The country currently has 7,843 MW of renewable energy capacity installed in the Wholesale Electricity Market, excluding large hydropower plants above 50 MW. The mix is dominated by 4,531 MW of wind power and 2,475 MW of solar PV, with strong concentration in Patagonia (1,662 MW of wind) and Buenos Aires + Greater Buenos Aires (1,971 MW of wind), while the Cuyo region leads in photovoltaics with 1,095 MW.

However, future growth—estimated at 5,492 MW in the project pipeline—faces a structural limitation linked to transmission capacity, identified as the system’s main bottleneck.

In this context, leading players are consolidating their position by combining new generation projects with energy storage initiatives and transmission infrastructure expansion, accounting for a significant share of installed and under-development capacity nationwide.

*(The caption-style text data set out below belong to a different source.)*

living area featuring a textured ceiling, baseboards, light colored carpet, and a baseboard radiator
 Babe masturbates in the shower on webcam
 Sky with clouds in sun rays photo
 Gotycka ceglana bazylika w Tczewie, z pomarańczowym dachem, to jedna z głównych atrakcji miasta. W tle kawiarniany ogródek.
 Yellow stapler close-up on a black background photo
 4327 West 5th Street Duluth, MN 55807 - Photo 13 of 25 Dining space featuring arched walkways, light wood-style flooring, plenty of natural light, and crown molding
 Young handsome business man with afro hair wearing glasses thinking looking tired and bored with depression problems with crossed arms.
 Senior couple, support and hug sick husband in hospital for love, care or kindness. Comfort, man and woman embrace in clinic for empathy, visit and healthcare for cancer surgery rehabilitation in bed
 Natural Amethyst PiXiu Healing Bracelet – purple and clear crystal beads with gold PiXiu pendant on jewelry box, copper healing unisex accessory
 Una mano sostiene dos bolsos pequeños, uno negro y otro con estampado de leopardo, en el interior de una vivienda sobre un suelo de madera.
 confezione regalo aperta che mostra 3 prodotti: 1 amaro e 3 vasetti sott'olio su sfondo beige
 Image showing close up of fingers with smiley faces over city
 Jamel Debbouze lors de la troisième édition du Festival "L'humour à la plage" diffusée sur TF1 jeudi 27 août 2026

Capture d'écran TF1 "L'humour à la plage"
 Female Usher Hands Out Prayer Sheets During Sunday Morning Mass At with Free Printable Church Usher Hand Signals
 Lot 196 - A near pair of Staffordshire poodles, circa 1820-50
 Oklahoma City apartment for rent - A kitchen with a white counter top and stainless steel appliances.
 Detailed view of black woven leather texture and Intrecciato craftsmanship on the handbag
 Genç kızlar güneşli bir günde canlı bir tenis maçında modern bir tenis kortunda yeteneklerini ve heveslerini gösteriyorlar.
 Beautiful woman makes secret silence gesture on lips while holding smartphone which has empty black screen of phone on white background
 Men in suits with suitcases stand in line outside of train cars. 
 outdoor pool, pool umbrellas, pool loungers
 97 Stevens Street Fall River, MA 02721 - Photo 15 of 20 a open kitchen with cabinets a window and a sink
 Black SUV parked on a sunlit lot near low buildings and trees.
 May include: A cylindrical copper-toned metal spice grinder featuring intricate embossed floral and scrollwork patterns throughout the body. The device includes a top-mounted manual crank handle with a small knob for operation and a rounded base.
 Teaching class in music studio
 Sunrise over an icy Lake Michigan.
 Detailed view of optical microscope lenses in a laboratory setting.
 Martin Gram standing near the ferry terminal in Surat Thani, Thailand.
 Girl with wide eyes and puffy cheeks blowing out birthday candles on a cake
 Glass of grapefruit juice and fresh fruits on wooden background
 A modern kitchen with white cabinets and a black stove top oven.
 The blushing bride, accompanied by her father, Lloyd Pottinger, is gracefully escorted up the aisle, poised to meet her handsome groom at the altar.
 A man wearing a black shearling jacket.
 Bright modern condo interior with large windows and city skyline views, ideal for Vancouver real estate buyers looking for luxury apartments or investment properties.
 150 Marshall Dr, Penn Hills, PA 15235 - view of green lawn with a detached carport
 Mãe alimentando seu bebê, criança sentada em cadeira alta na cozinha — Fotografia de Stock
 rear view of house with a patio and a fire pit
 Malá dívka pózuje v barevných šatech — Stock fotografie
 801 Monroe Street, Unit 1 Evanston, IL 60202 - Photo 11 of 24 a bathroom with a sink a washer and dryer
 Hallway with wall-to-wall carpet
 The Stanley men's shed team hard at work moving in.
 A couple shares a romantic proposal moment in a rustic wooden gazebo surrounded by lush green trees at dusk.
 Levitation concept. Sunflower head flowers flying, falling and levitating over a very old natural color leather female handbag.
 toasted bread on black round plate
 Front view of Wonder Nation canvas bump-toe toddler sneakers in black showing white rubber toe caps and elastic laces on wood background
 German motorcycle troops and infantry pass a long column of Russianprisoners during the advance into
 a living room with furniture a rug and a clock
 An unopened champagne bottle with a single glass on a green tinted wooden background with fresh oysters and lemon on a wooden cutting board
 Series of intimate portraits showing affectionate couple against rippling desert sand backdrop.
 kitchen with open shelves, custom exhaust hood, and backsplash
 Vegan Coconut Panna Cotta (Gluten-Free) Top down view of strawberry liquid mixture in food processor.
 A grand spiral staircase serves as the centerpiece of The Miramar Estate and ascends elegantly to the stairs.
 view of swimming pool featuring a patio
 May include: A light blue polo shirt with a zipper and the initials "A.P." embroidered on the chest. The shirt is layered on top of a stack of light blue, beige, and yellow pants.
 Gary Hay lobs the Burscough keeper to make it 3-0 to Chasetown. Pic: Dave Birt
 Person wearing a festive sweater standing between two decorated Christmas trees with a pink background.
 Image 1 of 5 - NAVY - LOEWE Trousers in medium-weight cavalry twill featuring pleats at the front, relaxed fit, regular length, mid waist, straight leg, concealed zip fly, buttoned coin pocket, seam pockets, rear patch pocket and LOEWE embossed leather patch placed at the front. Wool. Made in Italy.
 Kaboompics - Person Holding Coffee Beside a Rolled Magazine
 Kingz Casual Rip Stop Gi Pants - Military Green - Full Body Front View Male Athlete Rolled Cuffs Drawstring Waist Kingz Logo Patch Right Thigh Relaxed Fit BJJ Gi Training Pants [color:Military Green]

Genneia (1,616 MW), YPF Luz (756 MW), Central Puerto (570 MW), PCR (545 MW), MSU Green Energy (335 MW), Pampa Energía (427 MW), Coral Energía (400 MW), AES Argentina (357 MW) and 360 Energy (245 MW) together operate more than 5,250 MW of wind and solar capacity.

In addition, Solar DQD has delivered over 1,200 MW as an EPC contractor, alongside 25 MW of proprietary assets.

Regarding projects under construction and near-term expansion, these companies accumulate more than 1,400 MW of renewables in execution or advanced engineering stages. At the same time, energy storage is gaining prominence within their pipelines, both through the 713 MW awarded in the AlmaGBA storage tender in 2025, at an average price of USD 11,964 per MW-month, and through future projects under the Term Market framework.

Furthermore, Argentina’s energy sector is awaiting the launch of the new AlmaSADI call. Combined with the volume of projects already underway, energy storage is consolidating as the new short-term expansion axis.

The term market: Core driver of expansion

Corporate dynamism is accompanied by a structural shift in regulatory design, as Resolution SE No. 400/2025 marks a turning point by promoting the transition towards private bilateral contracts, reducing the role of CAMMESA as the main off-taker and restoring its function as system operator with marginal cost-based price signals.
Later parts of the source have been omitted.